INPUT DATA section start

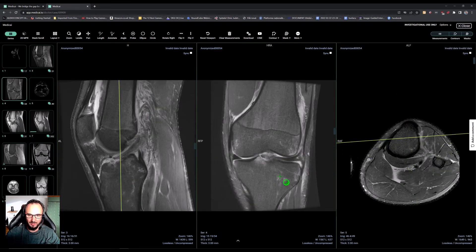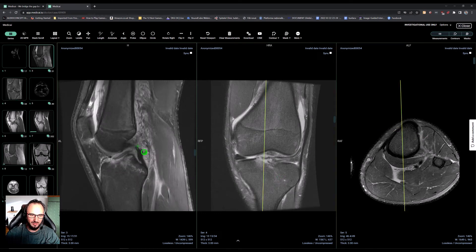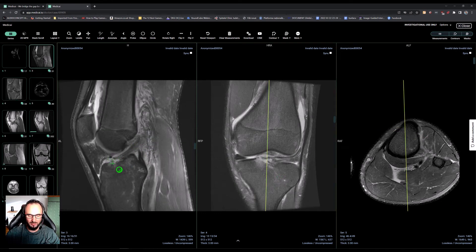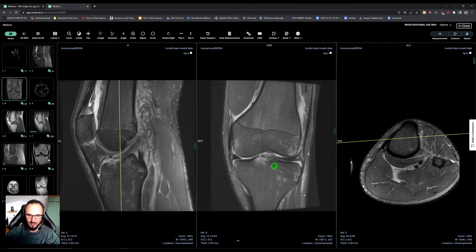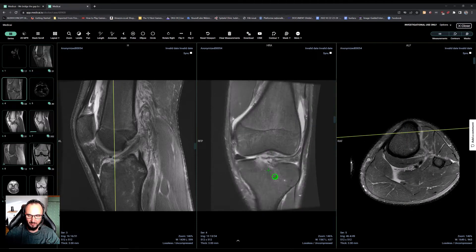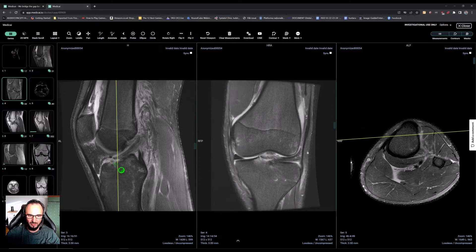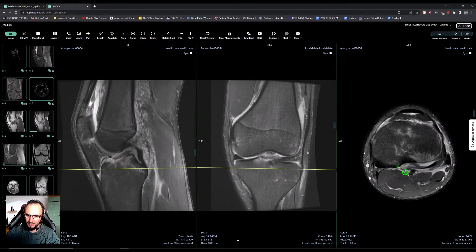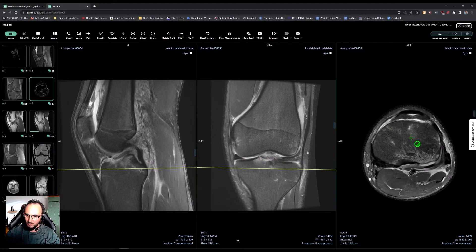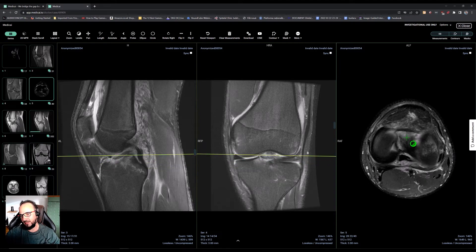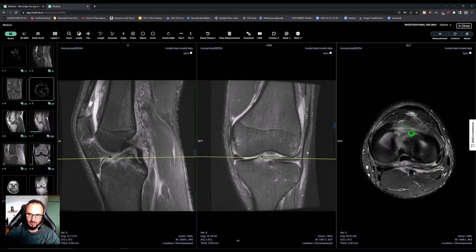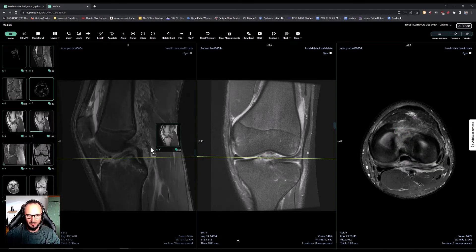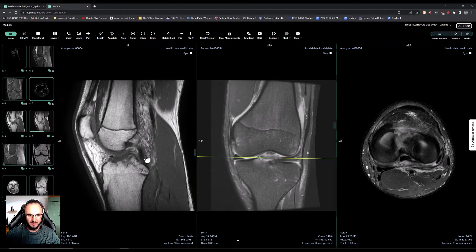We can see that there is an avulsion of a small bony fragment of the tibial plateau, which is still attached to the ACL. You see the fracture line here, and you see inflammation around the fracture site. You can very well appreciate this fracture also on axial — or maybe not so well on axial. Nevertheless, let's try T1.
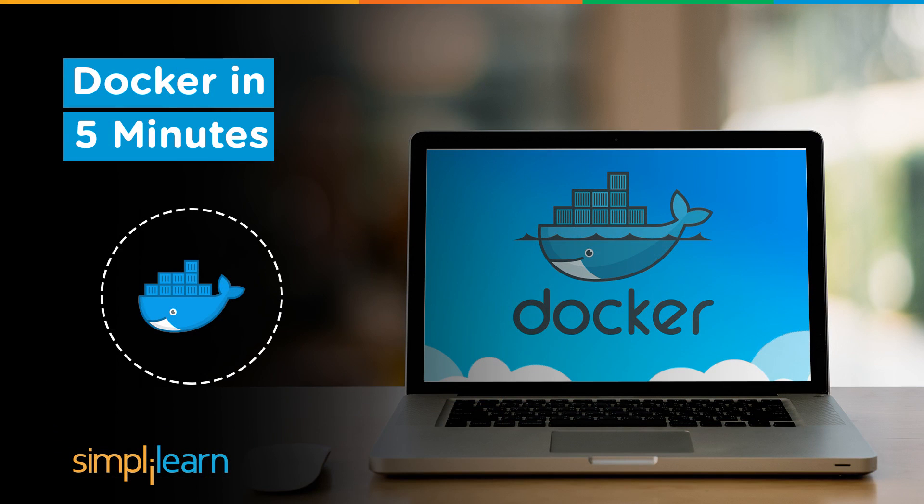Hi everyone, welcome to Simply Learn's YouTube channel. Today we will be discussing Docker in five minutes.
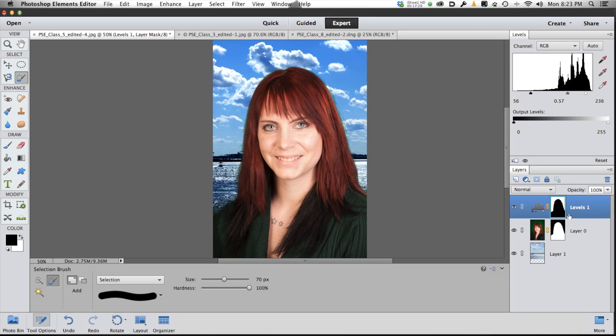So I'm going to make a video on the differences between Elements 12 and Photoshop, but I want to give you an idea of how powerful Elements 12 is for editing. I hope you found this useful. I'll see you next time. Bye.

INPUT DATA section end

Print the whole listing above exactly, and keep every picture out of the copy.

We can see that there is an avulsion of a small bony fragment of the tibial plateau, which is still attached to the ACL. You see the fracture line here, and you see inflammation around the fracture site. You can very well appreciate this fracture also on axial — or maybe not so well on axial. Nevertheless, let's try T1.
Hi everyone, welcome to Simply Learn's YouTube channel. Today we will be discussing Docker in five minutes.
So I'm going to make a video on the differences between Elements 12 and Photoshop, but I want to give you an idea of how powerful Elements 12 is for editing. I hope you found this useful. I'll see you next time. Bye.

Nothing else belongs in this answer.